**Records supplied**:
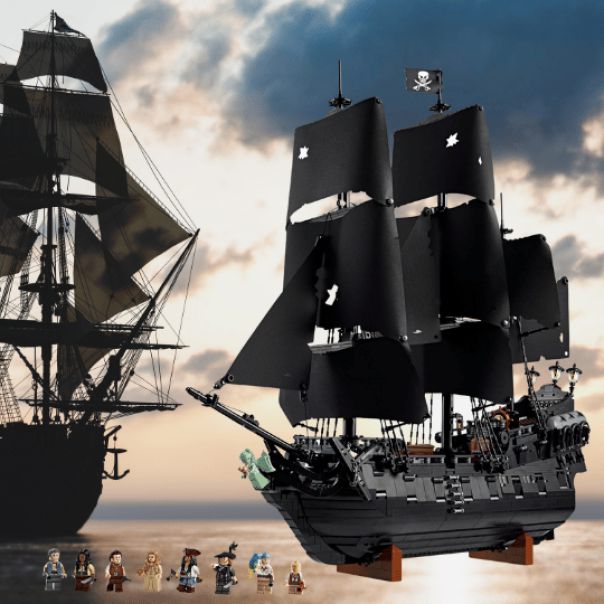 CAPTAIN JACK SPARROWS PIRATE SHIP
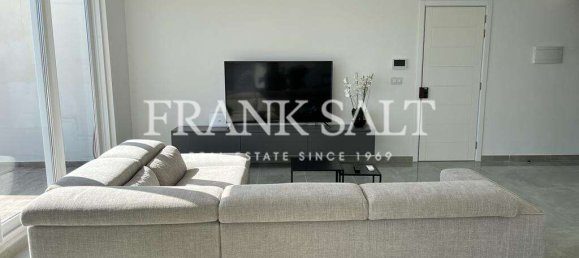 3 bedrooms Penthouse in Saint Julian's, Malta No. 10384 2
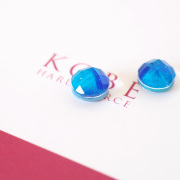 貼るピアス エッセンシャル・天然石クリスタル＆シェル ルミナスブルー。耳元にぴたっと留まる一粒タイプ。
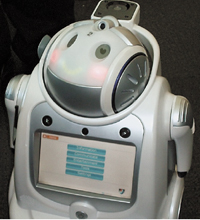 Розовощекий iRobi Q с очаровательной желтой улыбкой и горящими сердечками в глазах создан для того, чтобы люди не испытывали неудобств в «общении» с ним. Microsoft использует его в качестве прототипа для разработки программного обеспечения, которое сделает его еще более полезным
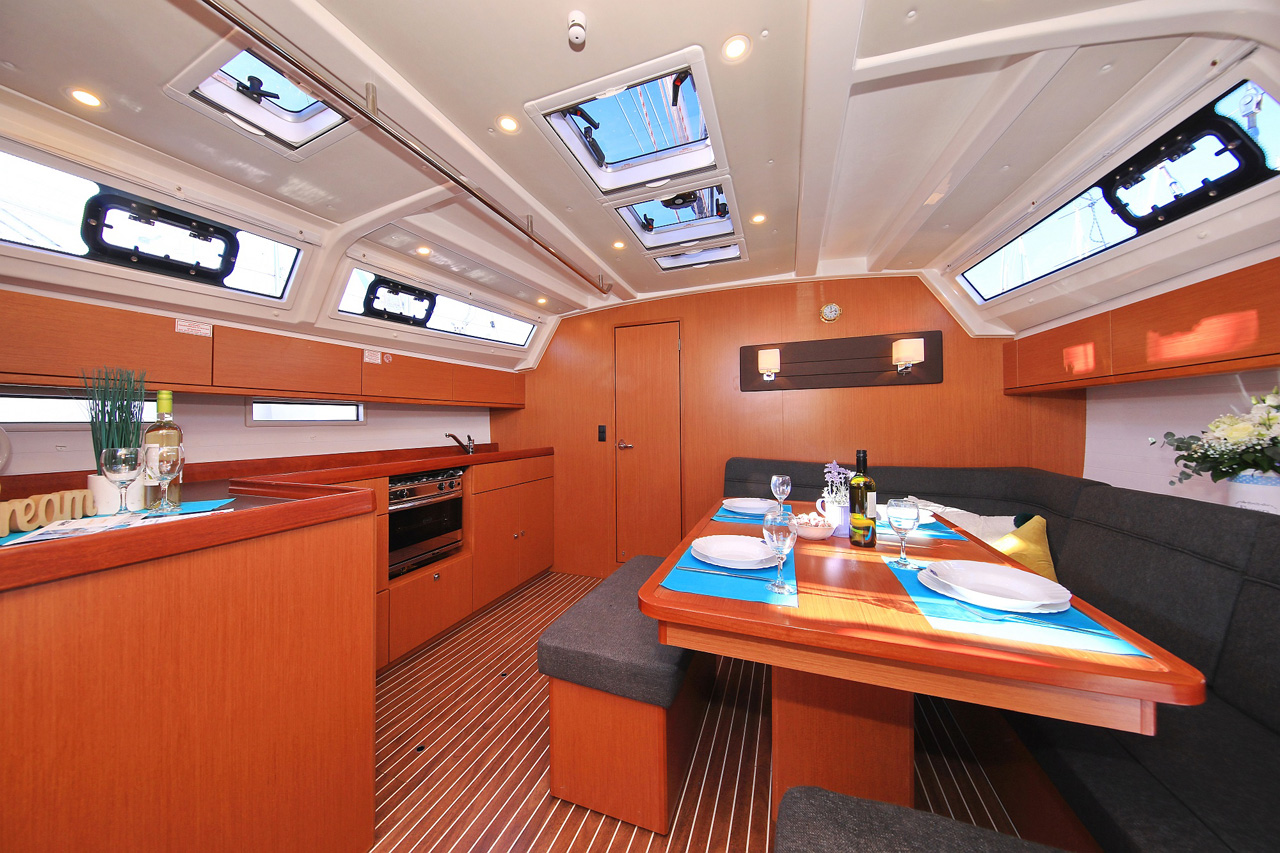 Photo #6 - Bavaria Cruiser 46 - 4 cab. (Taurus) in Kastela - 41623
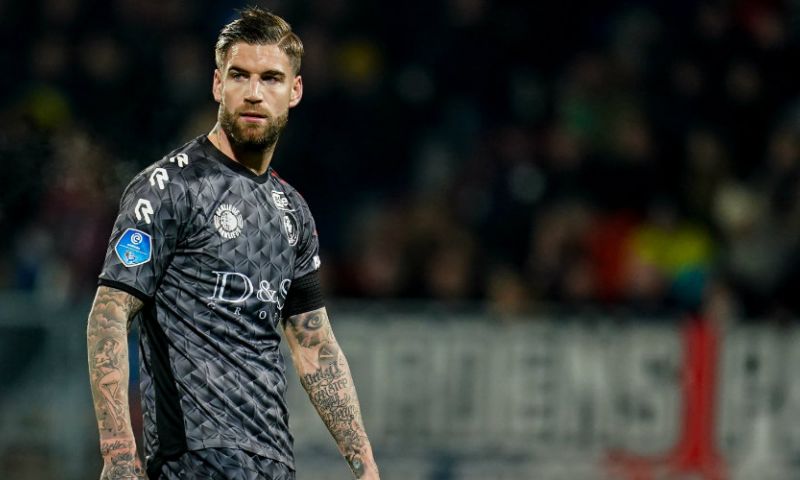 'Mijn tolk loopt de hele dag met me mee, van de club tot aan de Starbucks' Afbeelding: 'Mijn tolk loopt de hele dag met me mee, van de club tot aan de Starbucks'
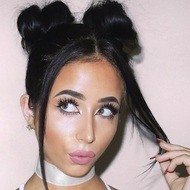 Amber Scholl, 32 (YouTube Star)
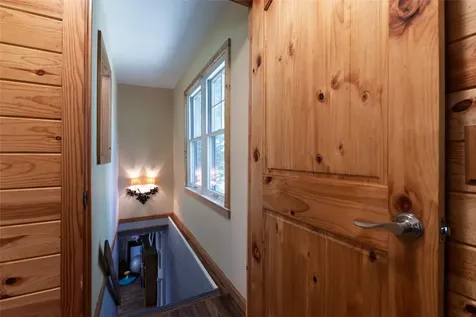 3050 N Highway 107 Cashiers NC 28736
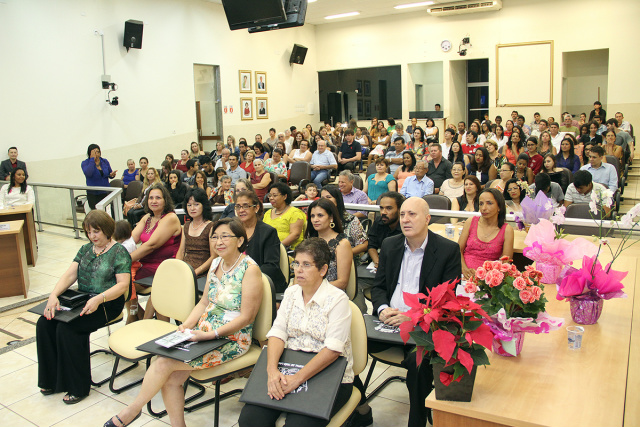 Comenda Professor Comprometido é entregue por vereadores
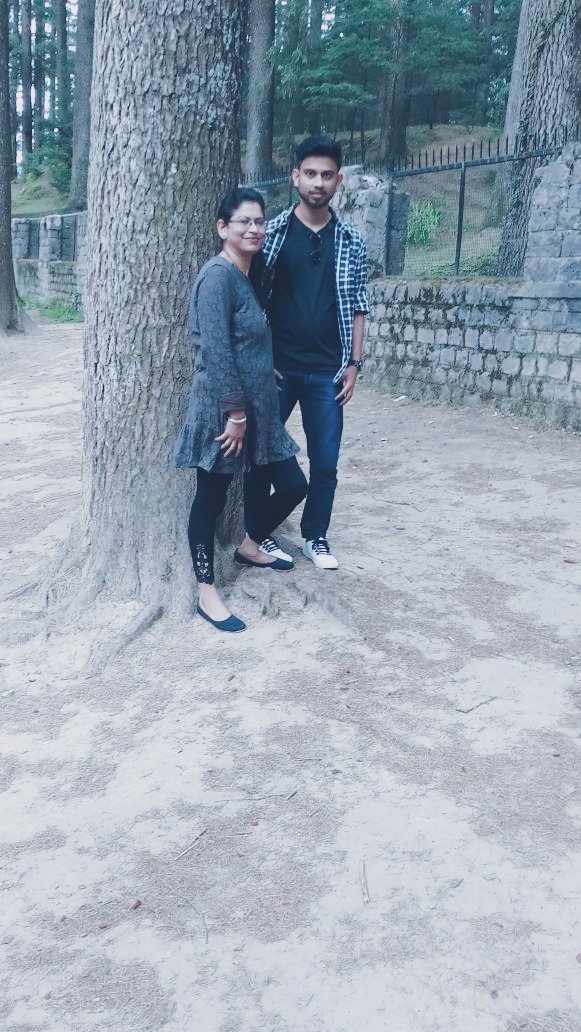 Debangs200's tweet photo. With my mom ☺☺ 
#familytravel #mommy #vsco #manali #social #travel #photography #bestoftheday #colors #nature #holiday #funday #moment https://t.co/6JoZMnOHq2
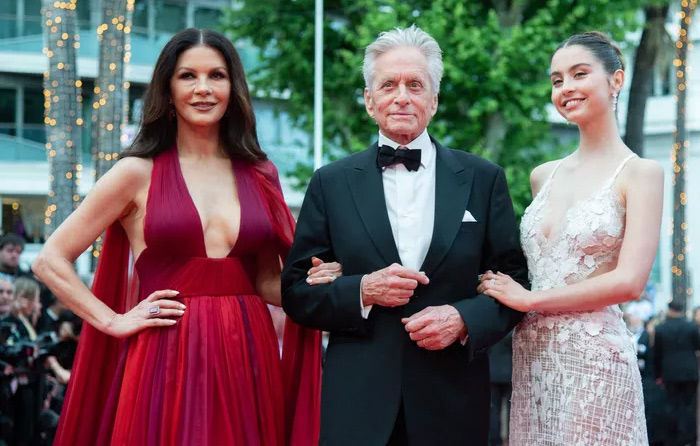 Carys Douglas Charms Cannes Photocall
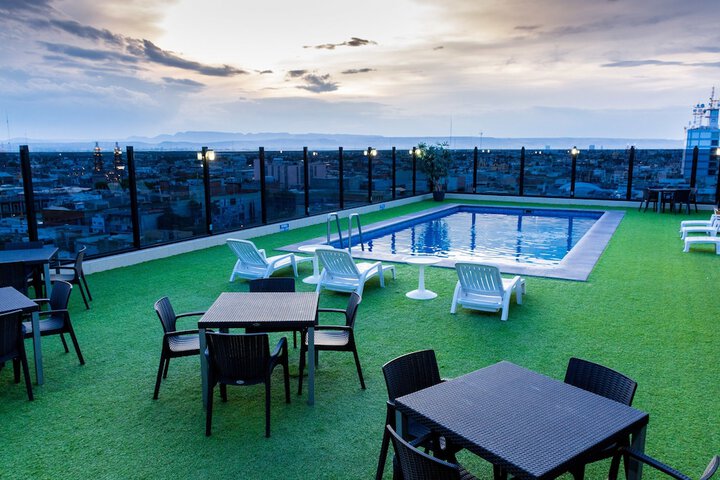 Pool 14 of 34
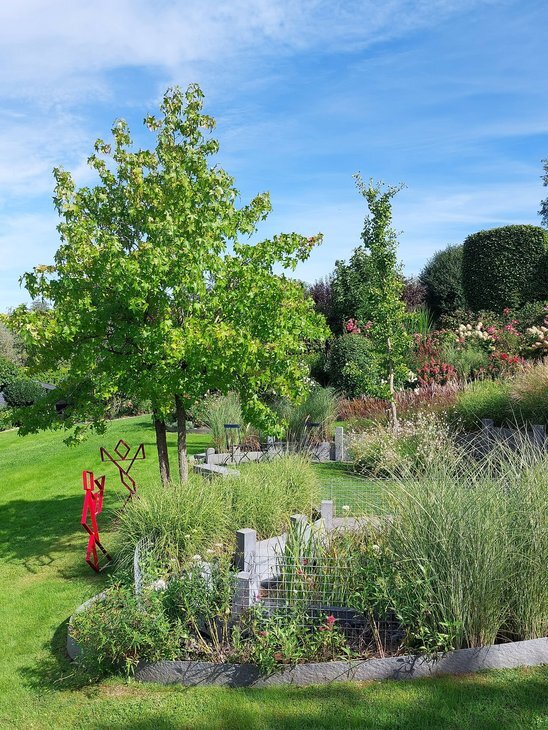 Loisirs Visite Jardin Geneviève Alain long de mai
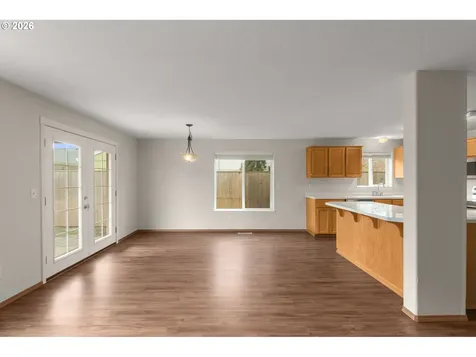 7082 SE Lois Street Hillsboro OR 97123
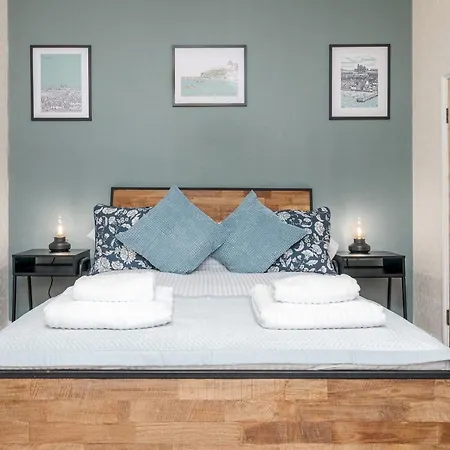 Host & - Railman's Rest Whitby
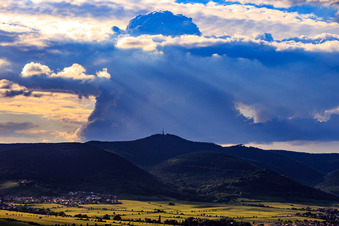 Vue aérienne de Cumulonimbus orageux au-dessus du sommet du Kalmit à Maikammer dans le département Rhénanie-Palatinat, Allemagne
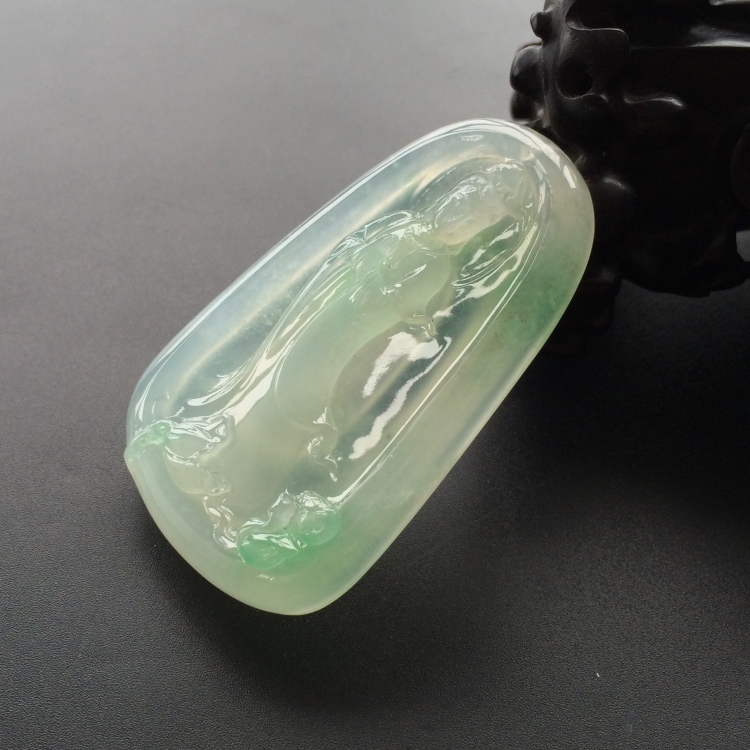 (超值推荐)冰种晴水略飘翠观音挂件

**Work item**: Every entry above should be duplicated exactly. Do not include the images.

**Solution to this task**:
 CAPTAIN JACK SPARROWS PIRATE SHIP
 3 bedrooms Penthouse in Saint Julian's, Malta No. 10384 2
 貼るピアス エッセンシャル・天然石クリスタル＆シェル ルミナスブルー。耳元にぴたっと留まる一粒タイプ。
 Розовощекий iRobi Q с очаровательной желтой улыбкой и горящими сердечками в глазах создан для того, чтобы люди не испытывали неудобств в «общении» с ним. Microsoft использует его в качестве прототипа для разработки программного обеспечения, которое сделает его еще более полезным
 Photo #6 - Bavaria Cruiser 46 - 4 cab. (Taurus) in Kastela - 41623
 'Mijn tolk loopt de hele dag met me mee, van de club tot aan de Starbucks' Afbeelding: 'Mijn tolk loopt de hele dag met me mee, van de club tot aan de Starbucks'
 Amber Scholl, 32 (YouTube Star)
 3050 N Highway 107 Cashiers NC 28736
 Comenda Professor Comprometido é entregue por vereadores
 Debangs200's tweet photo. With my mom ☺☺ 
#familytravel #mommy #vsco #manali #social #travel #photography #bestoftheday #colors #nature #holiday #funday #moment https://t.co/6JoZMnOHq2
 Carys Douglas Charms Cannes Photocall
 Pool 14 of 34
 Loisirs Visite Jardin Geneviève Alain long de mai
 7082 SE Lois Street Hillsboro OR 97123
 Host & - Railman's Rest Whitby
 Vue aérienne de Cumulonimbus orageux au-dessus du sommet du Kalmit à Maikammer dans le département Rhénanie-Palatinat, Allemagne
 (超值推荐)冰种晴水略飘翠观音挂件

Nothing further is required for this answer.